About

About

My journey started with a simple question: why are the most elegant deep learning models so computationally inefficient?

To answer this, I first went deep into the fundamentals of Deep Learning and the Linear Algebra that underpins modern architectures like the Transformer. But understanding the ‘why’ wasn’t enough; I needed to understand the ‘how’. This drove me down the stack to the metal of GPU architecture.

To bridge this gap, I taught myself CUDA C++ from first principles, focusing on how fundamental operations are actually executed. My work is now centered on analyzing these core mechanisms and writing custom, I/O-aware kernels for operations like attention and convolution to solve fundamental performance puzzles.


My Core Interests

My focus lies at the intersection of deep learning theory, systems programming, and high-performance computing.

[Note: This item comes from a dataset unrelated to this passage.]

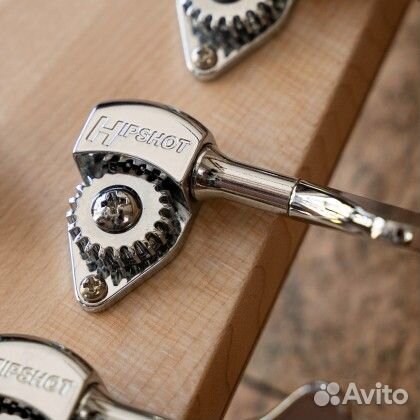 Бас-гитара Cort NJS4-WHT (чехол в комплекте)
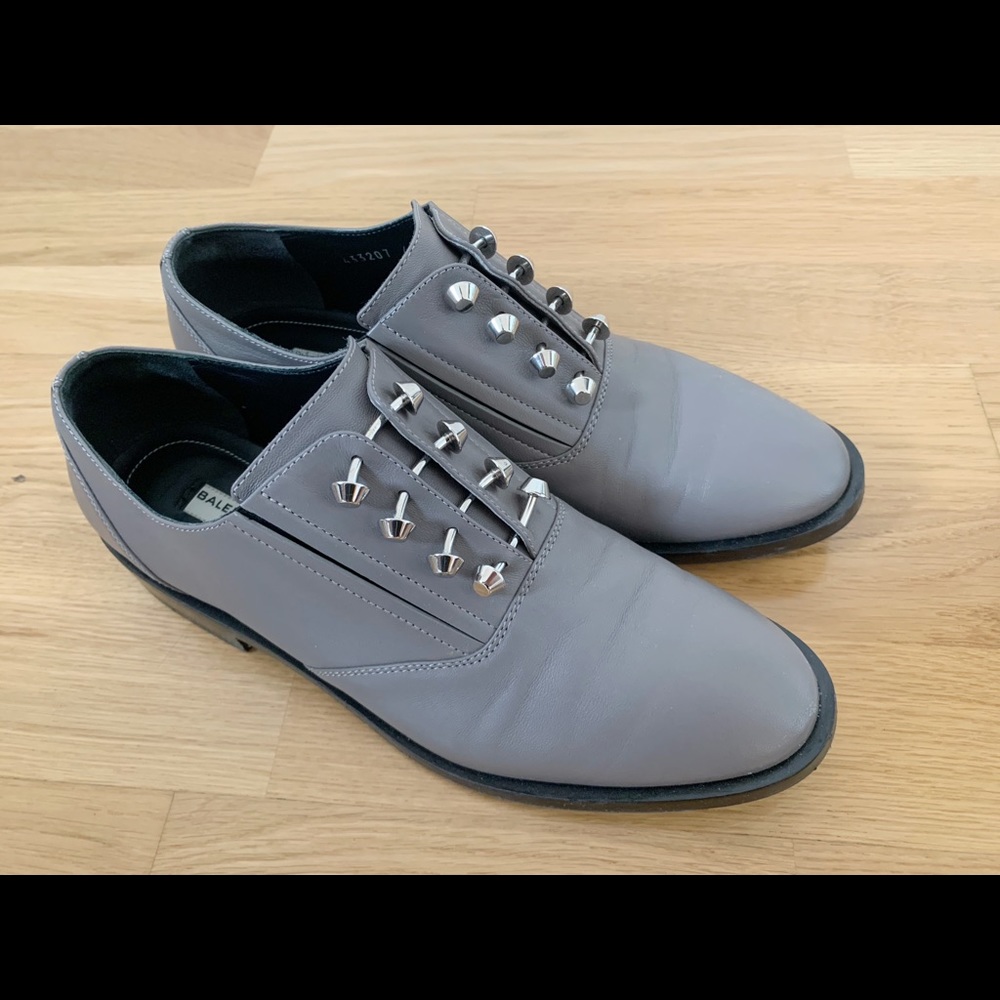 Balenciaga grey leather oxfords with silver stud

  • 🧠 Deep Learning & Model Optimization: Applying first-principles knowledge to analyze, compress, and prune complex models like Transformers and CNNs.

  • High-Performance Kernel Development: Writing custom C++ and CUDA kernels from scratch to accelerate core computational bottlenecks (e.g., attention, convolution, sparse matrix operations).

  • ⚙️ AI Systems Research/Engineering: Bridging the gap between algorithmic theory and hardware-efficient implementation to build powerful and accessible AI.